§ **WORK TO BE COMPLETED**
Retype nothing except the lines below from the one with "38 3D Model" through the one with "Premier Resolution, Analizador", exactly, with images left out.
====== DATA TO PROCESS ======
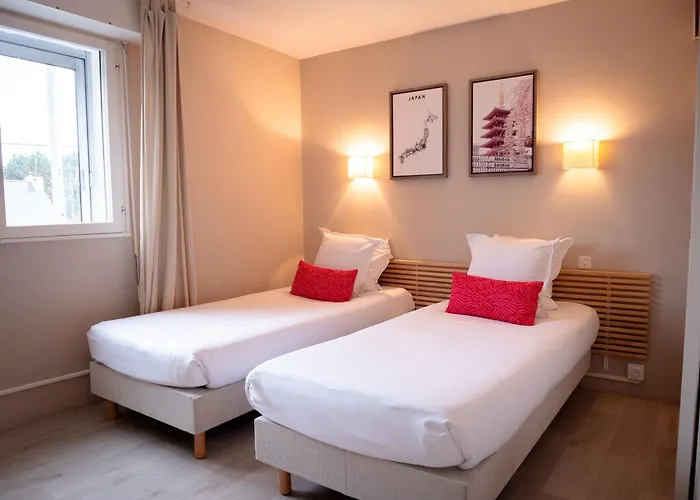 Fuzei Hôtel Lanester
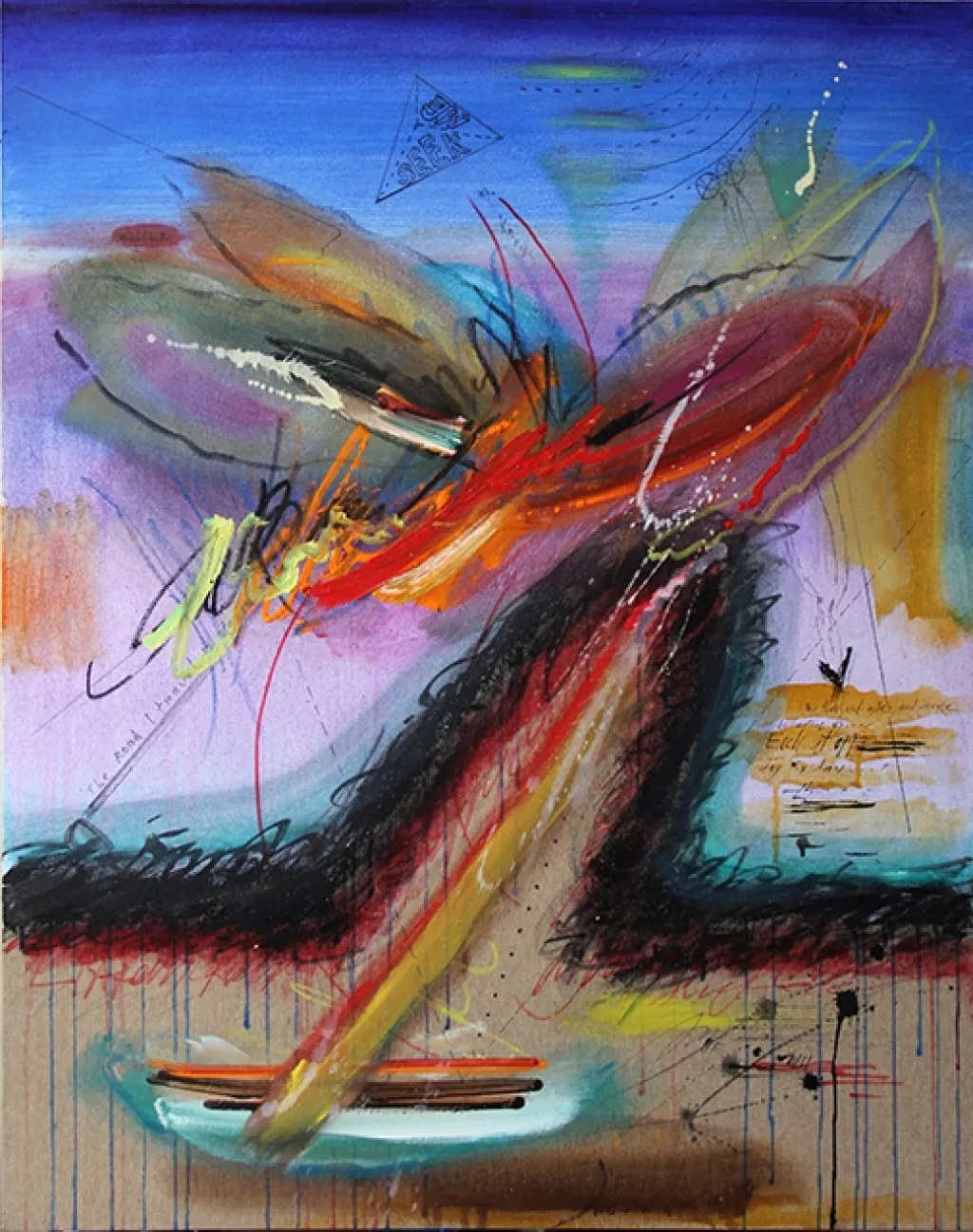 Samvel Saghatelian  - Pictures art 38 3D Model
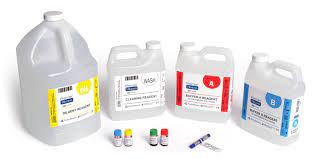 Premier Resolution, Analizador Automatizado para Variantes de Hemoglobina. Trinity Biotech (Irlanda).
======
====== DATA TO PROCESS ======
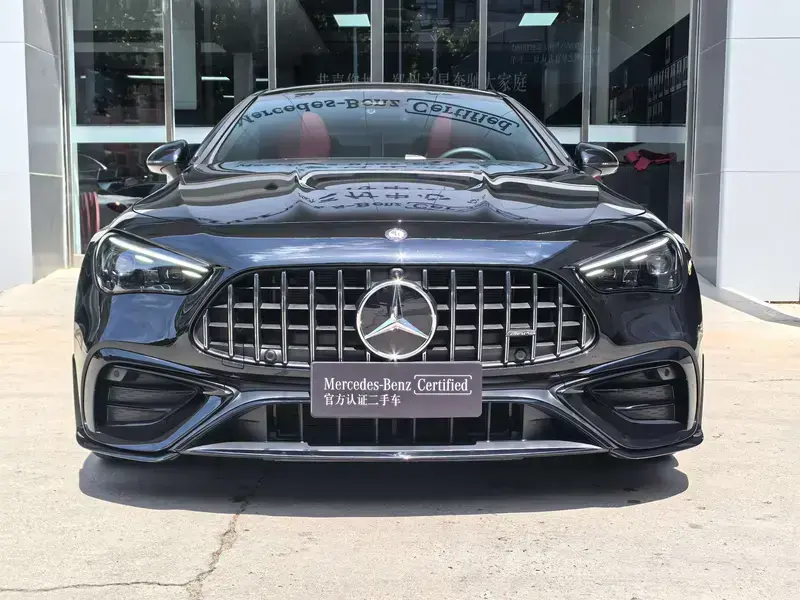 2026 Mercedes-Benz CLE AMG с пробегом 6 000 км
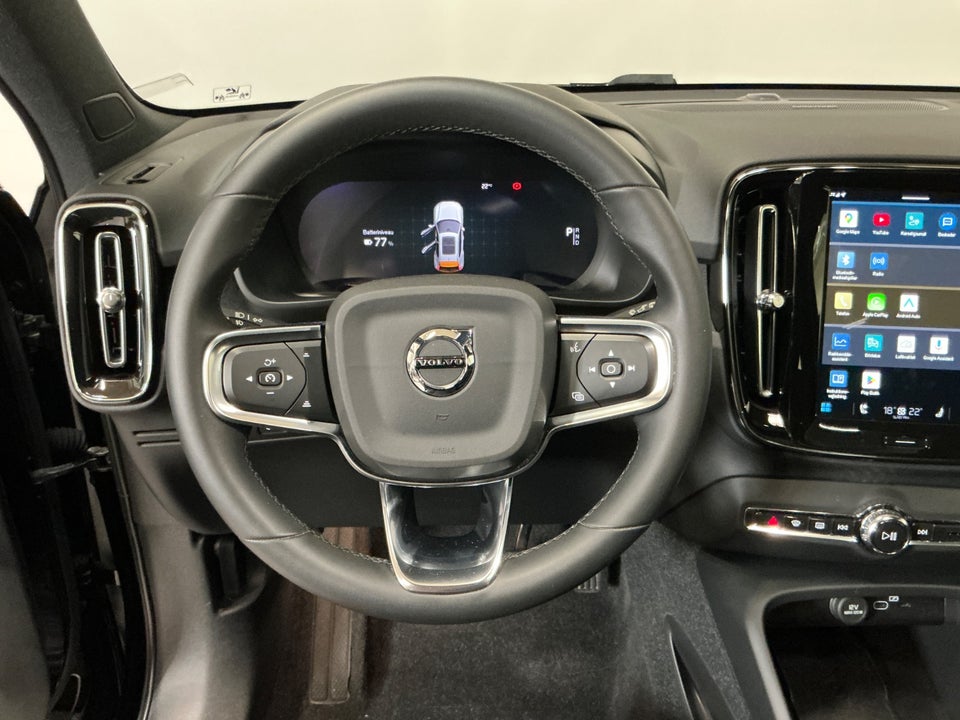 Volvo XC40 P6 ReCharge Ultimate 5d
======
§ **ANSWER AREA**
 Samvel Saghatelian  - Pictures art 38 3D Model
 Premier Resolution, Analizador Automatizado para Variantes de Hemoglobina. Trinity Biotech (Irlanda).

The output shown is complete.